Friends of the Earth Scotland accused ministers of “flawed thinking” and “unjustified optimism” over the proposals – which are meant to help Scotland cut carbon emissions as part of plans to achieve net-zero by 2045.
The updated climate change plan, published in December, sets out what the Scottish Government insists are “bold actions” aimed at helping meet emissions reduction targets in the period to 2032.
The document stresses this “will not be easy” and will require a “truly national endeavour with business, communities and individuals contributing fully” if targets are to be met.
The plan sets out for the distance travelled in car journeys to be cut by a fifth by 2030, and promises £180 million in funding for carbon capture and hydrogen technologies as well as £120 million towards zero-emission buses.
Environment Secretary Roseanna Cunningham is due to face questions from MSPs on the plan when Holyrood’s Environment, Climate Change and Land Reform Committee meets on Tuesday.
But Friends of the Earth Scotland climate campaigner Jess Cowell said experts have already raised their concerns with MSPs.
Chris Stark, chief executive of the independent advisory body the UK Committee on Climate Change, said there is “nothing in the report” to indicate “whether the policies are sufficient”.

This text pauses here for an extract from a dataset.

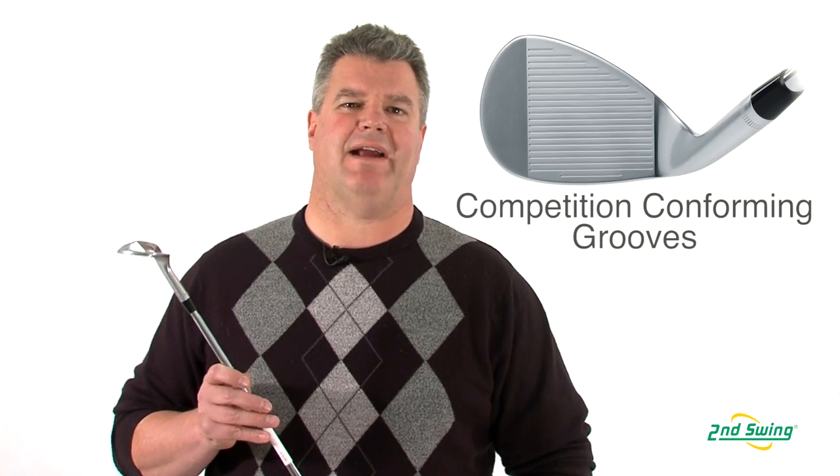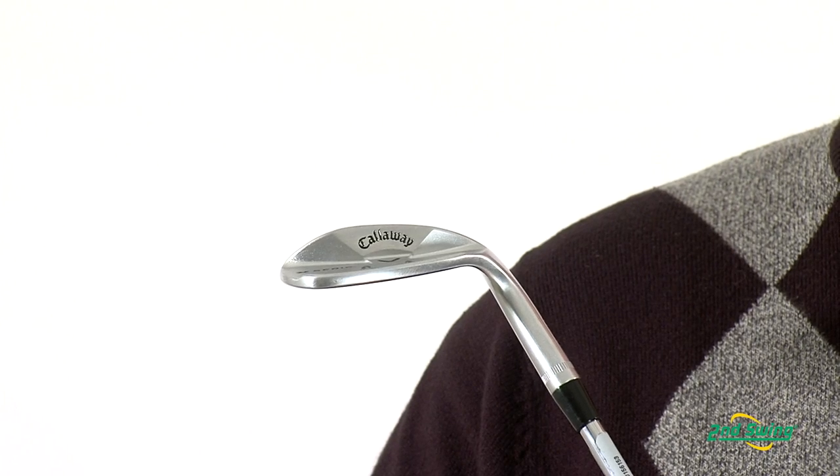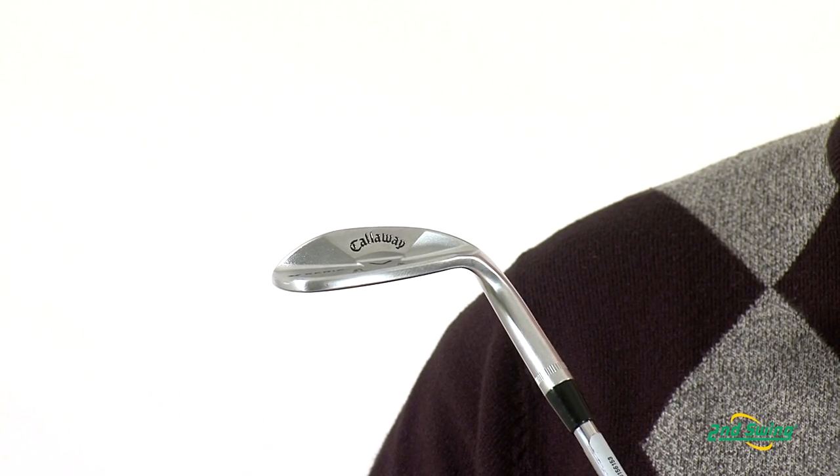The competition-conforming Mack Daddy grooves provide tremendous spin and control. The C-Grind removes material from the heel, the toe, and the trailing edge, resulting in a C-shape on the sole. This improves turf interaction and enables golfers to lay open the face while keeping the leading edge close to the ground.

Rachel Howell, a lecturer in sociology/sustainable development at the University of Edinburgh, told the committee there is “concern about the fact that the plans and policies for reducing emissions through other technologies and through behaviour change do not meet the necessary targets”.
Ms Cowell told MSPs it is “increasingly difficult to scrutinise whether the policies are on track to hit targets”.

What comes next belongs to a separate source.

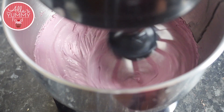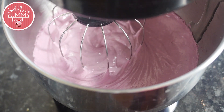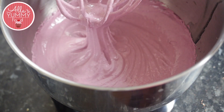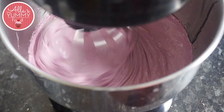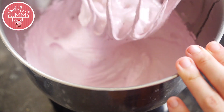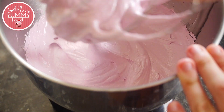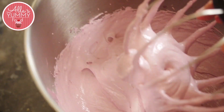Make sure you don't over-whisk the mixture or it will become runny and the zephyr won't work. Watch this step carefully and don't leave the stand mixer unattended, to make sure you get nice stiff peaks. The mixture will also become a much paler color than when you originally started — that is completely normal.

With environment policies high on the political agenda ahead of Glasgow hosting the UN Cop26 summit later this year, Ms Cowell claimed: “There is a real risk that Scotland is setting out with a climate plan that cannot get us where we need to be.

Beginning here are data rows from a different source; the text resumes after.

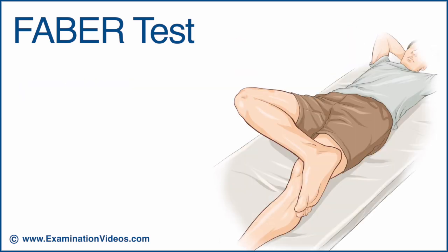To perform this test, the patient is in the supine position with the involved limb in a figure of 4 position, with the ankle resting immediately above the patella of the opposite limb. Place one hand over the medial side of the knee and the other over the front of the iliac crest on the opposite side.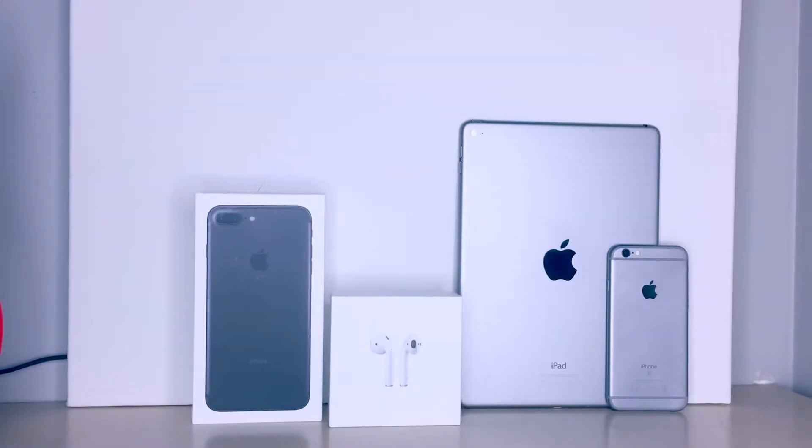Hey guys, G here. Today let's take a look at some brand new Apple iPhone leather case clone that you can get for just about $4. Alright guys, let's see what China have in store for us today.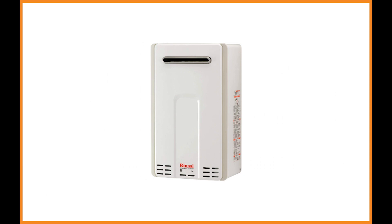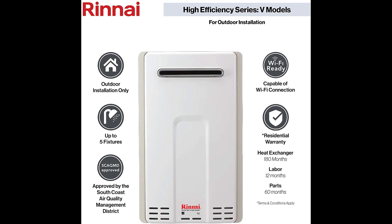The Renai V65EN is an impressive gas-powered tankless water heater. It boasts a 20-year runtime versus the standard 8-year life cycle of a tank-style water heater. If you live in a cabin or mobile home in an area prone to sporadic inclement weather, you may want to consider this top-notch outdoor gas tankless water heater.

“We know the level of action we need to see by 2030 but we have no clear idea of whether the policies suggested in this document will add up to meet that target.
“The Government either doesn’t know or won’t say how much climate pollution will be stopped by their individual policies, instead offering vague estimates for entire sectors.
“As it stands, the update simply doesn’t add up and it’s hard to see how MSPs can properly assess it against its targets.
“Transport is our most polluting sector and while there is a welcome goal to cut total car miles driven on Scottish roads by 20%, there is a lack of a clear plan of how this will be achieved.”
She also claimed the document “relies heavily on illusory promises of carbon capture, hydrogen from gas and hare-brained schemes to burn trees for energy”.
Ms Cowell said there is “very real concern ” that such technologies are “being used as a ‘get out of jail free’ card by the Government to make their figures add up, rather than doing the hard work of cutting emissions in the here and now”.
She insisted: “With the UN climate talks coming to Glasgow next year, and the clock ticking on solving the climate crisis, Scotland needs a bold plan setting out steps to phase out fossil fuel extraction and use, while ensuring a just transition for workers and communities currently dependent on the industry.”
A Scottish Government spokeswoman insisted however that the plan sets out a “credible path to meeting Scotland’s targets”
She said: “In Scotland, we are proud to have the most ambitious legal framework for emissions reduction in the world.
“Our updated climate change plan has over 100 new policies to meet Scotland’s emissions targets over the period to 2032 and help achieve a just transition to net zero by 2045. This is supported by a record £1.9 billion of capital funding in the Scottish Budget 2021-22.
“There is no doubt that these targets are immensely challenging and we are clear that delivering net zero will require action from Scottish society, businesses and the UK Government.
“However, we believe that the climate change plan – combined with action from other key actors – represents a credible path to meeting Scotland’s targets.
“As we set out in the plan, the Scottish Government is prioritising the exploration and resolution of the issues associated with emerging technologies, backed by a £180 million Emerging Technologies Fund over the next five years.
“Carbon capture and storage is a proven technology and one that will be critical to net zero. There are over 20 installations operational worldwide and Scotland has the opportunity to pioneer their use to deliver major low and negative carbon infrastructure, as recommended by our statutory advisers, the Committee on Climate Change.”